9.20am: Ferrari broken down on steep Cornish road. They send me a replacement Smart car. I can hardly get my legs into it. Anyway it’s got a CD player. Put on Stereophonics. Drive.
11am: Stop off at home in the Cotswalds. Jeremy Clarkson is mowing the lawn next door. I hate the man. He tries to tell me about the various restaurants he has dined in while I try and tell him about my 102 at the Gabba. As I’m leaving Jeremy shouts “I wish I was coming with you!” this puts me off and I crash car into a tree! F***! Now it won’t start! Smart my arse. Jeremy runs over and says he can help.
11.10am : I’ve set off. Jeremy is in the seat next to me. Will I live to regret this?
11.30am: Twenty minutes into the journey and Jeremy is fiddling with the stereo. I ask him what he is doing he says he doesn’t like the Stereophonics. Is he f****** serious?
12pm: After an hour Jeremy gets hungry and forces us to stop at the services. There he proceeds to devour seven Ginster’s pasties and buys another 24 to take with us.
12.30pm: Jeremy is sitting in the passenger seat eating pasty after pasty.
1pm: Jeremy is asleep. There are pasty wrappers scattered about all over the floor.
3pm: Three hours later, I’m racked by paranoia and manage to miss the turn off into Shropshire. Jeremy is still asleep on the seat next to me. His fat head’s moving from side to side. I take a few sharp corners to try and wake him but nothing. He’s dead to the world.

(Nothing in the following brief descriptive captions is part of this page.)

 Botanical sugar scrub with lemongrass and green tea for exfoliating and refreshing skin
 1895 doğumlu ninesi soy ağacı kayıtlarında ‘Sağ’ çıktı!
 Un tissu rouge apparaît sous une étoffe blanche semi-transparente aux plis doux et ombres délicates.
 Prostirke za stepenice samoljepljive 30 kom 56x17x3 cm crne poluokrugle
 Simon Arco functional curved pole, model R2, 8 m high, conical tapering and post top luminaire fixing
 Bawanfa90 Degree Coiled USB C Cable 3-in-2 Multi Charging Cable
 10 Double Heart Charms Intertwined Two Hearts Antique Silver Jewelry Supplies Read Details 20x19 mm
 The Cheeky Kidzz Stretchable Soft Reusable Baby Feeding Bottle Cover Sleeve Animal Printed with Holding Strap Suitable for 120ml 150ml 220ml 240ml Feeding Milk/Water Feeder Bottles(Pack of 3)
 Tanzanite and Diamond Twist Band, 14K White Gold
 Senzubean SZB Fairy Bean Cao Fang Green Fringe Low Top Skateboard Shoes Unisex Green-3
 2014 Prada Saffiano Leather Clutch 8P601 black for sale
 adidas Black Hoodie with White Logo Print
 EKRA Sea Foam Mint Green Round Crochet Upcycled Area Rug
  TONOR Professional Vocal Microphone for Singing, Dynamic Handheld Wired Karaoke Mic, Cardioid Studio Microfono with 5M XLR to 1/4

6pm: He hasn’t moved in hours.
7pm Hold on. Is he really asleep. He might be dead!
7.30pm Jeremy is still asleep/dead. I turn the music up really loud and swerve from side to side. But no, nothing.
“Jeremy,” I shout. “JEREMY!”
But still no movement. There’s a bit of drool coming out of the side of his mouth. Is that a good sign or a bad one?
9pm Somewhere in theMidlands. Jeremy’s alive. He did a big fart and woke himself up. Immediately as he wakes he starts fiddling about with the stereo and puts on a song by Frank Sinatra! Why did this happen?
5am I’m delirious with driving. Now I know what Beefy went through all those years ago. I keep seeing big beachballs bouncing across the road. Then I look to my left and see a big craggy headed man called Clarkson.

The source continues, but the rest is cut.